Les messages vidéo, signe de proximité avec les fidèles
Au cours de ces douze mois, le Saint-Père enregistre de nombreux messages vidéo, dont ceux du 3 avril, du 25 septembre et du 10 décembre. Le premier est dédié aux familles, en vue de Pâques : dans la phase la plus critique du confinement, le Pape parle avec la tendresse d’un père. «Je vous remercie de m’avoir permis d’entrer dans vos maisons. Faites un geste de tendresse envers ceux qui souffrent, envers les enfants et les personnes âgées. Dites-leur que le Pape est proche et prie afin que le Seigneur nous libère bientôt de tout mal». Le 25 septembre, François s'adresse à la 75e Assemblée générale des Nations unies et lance un avertissement fort à la communauté internationale pour qu'elle mette fin à la course aux armements, protège les droits des migrants et repense les systèmes économiques et financiers. Il y a également fermement condamné l'avortement comme «un service humanitaire essentiel». Le troisième message vidéo est adressé aux participants à la réunion, promue en ligne par le Dicastère pour le service du développement humain intégral, sur la crise en Syrie et en Irak. «Il faut faire en sorte, souligne François, que la présence chrétienne, dans ces terres, continue d'être ce qu'elle a toujours été: un signe de paix, de progrès, de développement et de réconciliation entre les personnes et les peuples.»
Les cœurs tournés vers l’Irak
Et c'est précisément l'Irak qui projette le pontificat de François vers 2021: le 7 décembre dernier, le voyage du Pape en terre irakienne du 5 au 8 mars prochain a été annoncé.

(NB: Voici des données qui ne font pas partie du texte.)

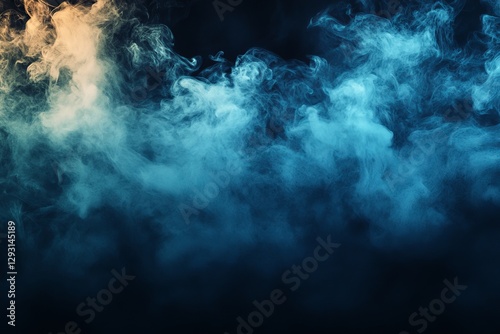 Wallpaper Mural Swirling blue and orange smoke creates an ethereal atmosphere in a dark background Torontodigital.ca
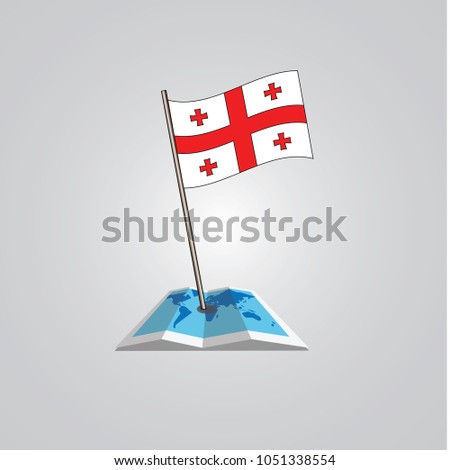 Map with flag of Georgia isolated on white. National flag for country of Georgia isolated, banner for your web site design logo, app, UI. check in. map Vector illustration, EPS10.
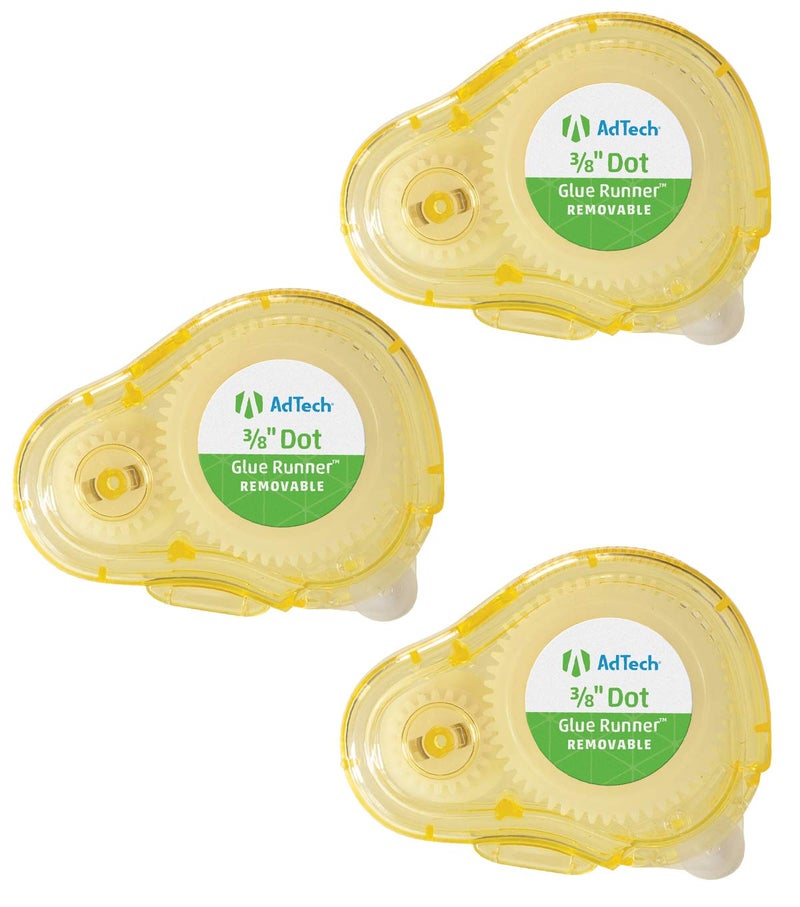 AdTech Removable Adhesive Dots Glue Runner, Clear .375" - 3 Pack - Image 5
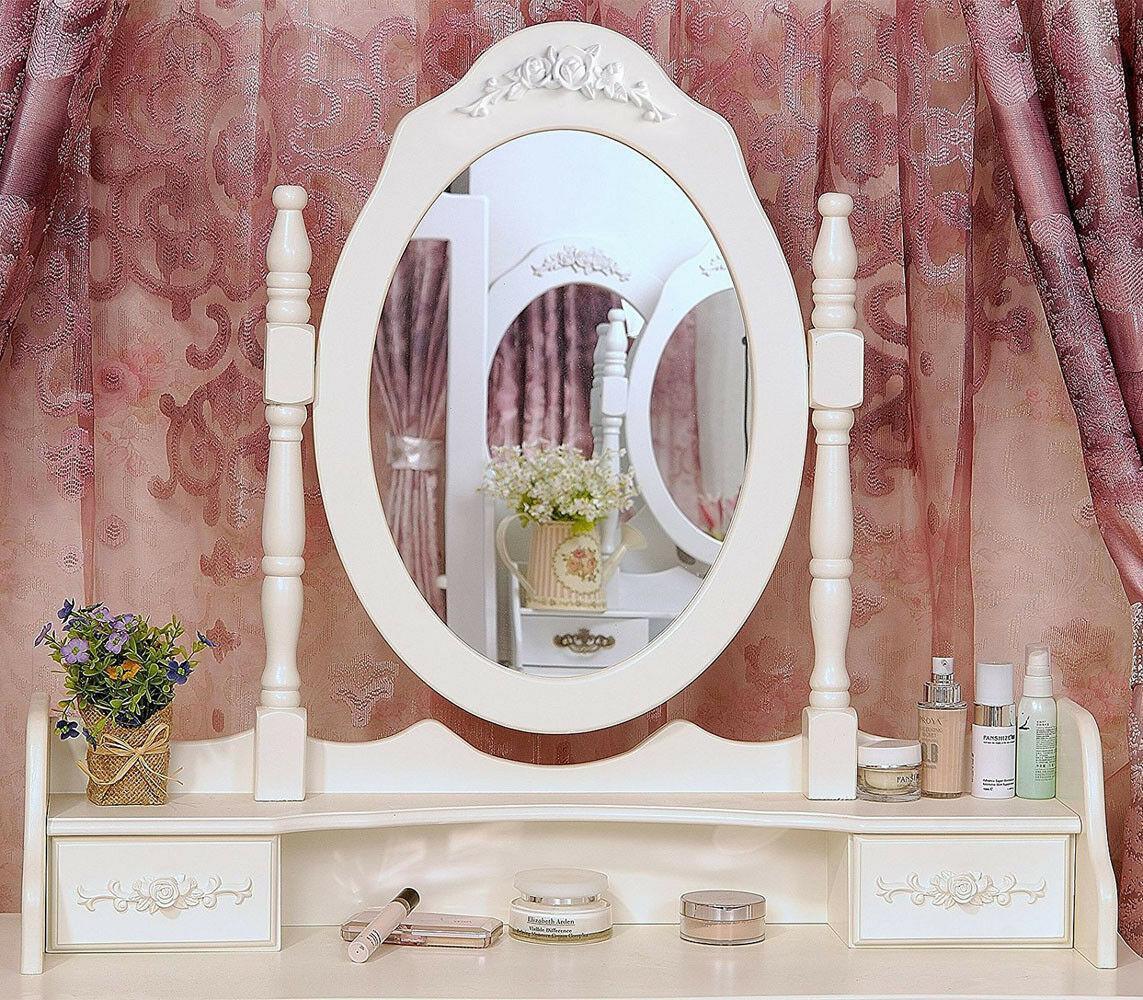 White Vanity Makeup Dressing Table Set w/Stool 4 Drawer&Mirror Jewelry Wood Desk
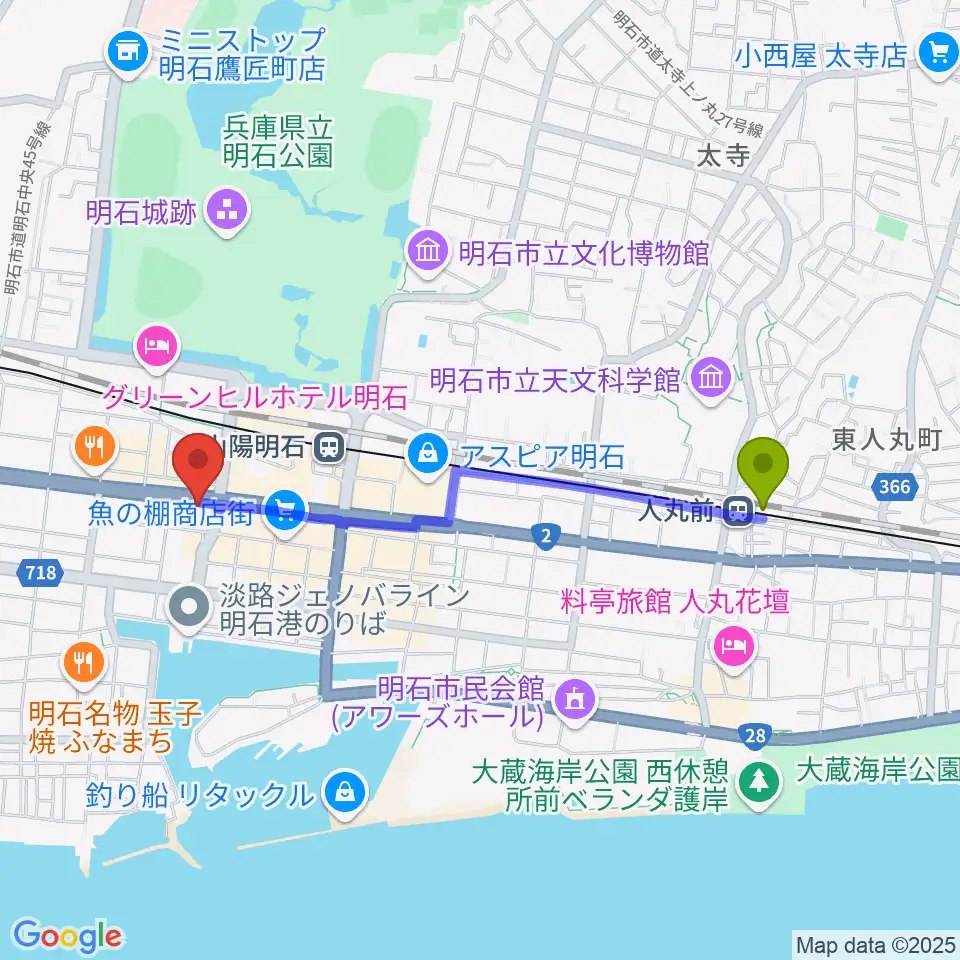 人丸前駅から明石ポチへのルートマップ地図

Une visite que le Primat d'Italie désire vivement, au point d'avoir exprimé l'intention de la réaliser dès juin 2019, lors de l'audience aux participants à la Rencontre des Œuvres d'Aide aux Églises Orientales (Roaco). «Une pensée insistante m'accompagne lorsque je pense à l'Irak afin que le pays puisse aller de l’avant grâce à la participation pacifique et partagée à la construction du bien commun de toutes les composantes de la société, y compris les composantes religieuses», affirmait-il alors. Et un signal dans cette direction est arrivé le 25 janvier 2020, lorsque le Pape a reçu au Vatican Barham Salih, président de la république d'Irak. Il appartient donc à ce pays de construire un pont entre l’année qui s’écoule et la prochaine qui arrive, porteuse de nouvelles espérances.